Several American lawyers invited to testify declined to do so. Some have rejected allegations of any wrongdoing through previous statements.
African leaders and their relatives who have faced these types of inquiries in France before have denied any money moved out of their countries was transferred illegally.
Wiecher Mandemaker, the director of anti-money laundering at HSBC Bank USA, did testify. The Congressional report looked into his bank's dealing with the Bongo family as well as with Angola's central bank. He answered a question asked by the subcommittee's Republican ranking member, Senator Tom Coburn. "We will take a close look at this report. If we believe there are opportunities to improve on our activities, I am sure that we will do so and quite frankly, Senator, we are not perfect, but I do believe that we are one of the leading institutions, especially when it comes to identifying appropriate anti-money laundering practices, not doing business with individuals that we should not be doing business with, and I am quite proud to be a part of that institution," he said.

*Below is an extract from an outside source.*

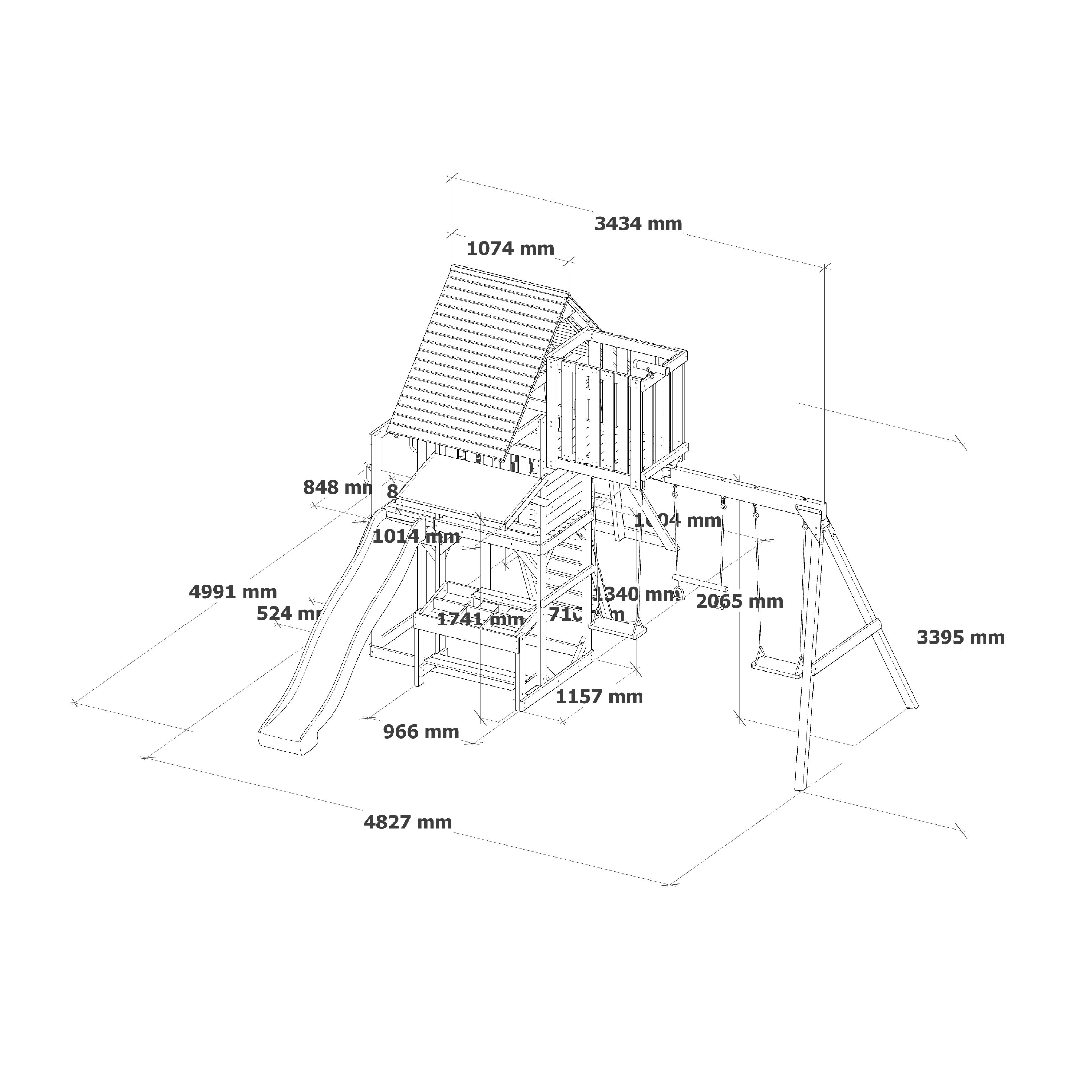 AXI Mitch Climbing Frame with Double Swing, Trapeze and Lookout Tower – Grey Slide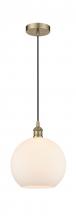 Innovations Lighting 616-1P-AB-G121-10 - Athens - 1 Light - 10 inch - Antique Brass - Cord hung - Mini Pendant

Senator Coburn said, because others had refused to testify, the investigation needed to be pursued. He also praised Senator Levin for pushing for tougher anti-money laundering legislation. "(There is) much to be found in the future about what has been going on in the past. I congratulate you. I think you are well on the way with your bill that you are introducing, which I hope we can work out, and that I can co-sponsor. I think we are there. I think maybe we need a little more balance in terms of not inhibiting regular trade, but I look forward to working with you on that," he said.
The bill is intended to further curb the use of American institutions by foreign officials found to be corrupt, as well as set up new rules to increase corporate transparency.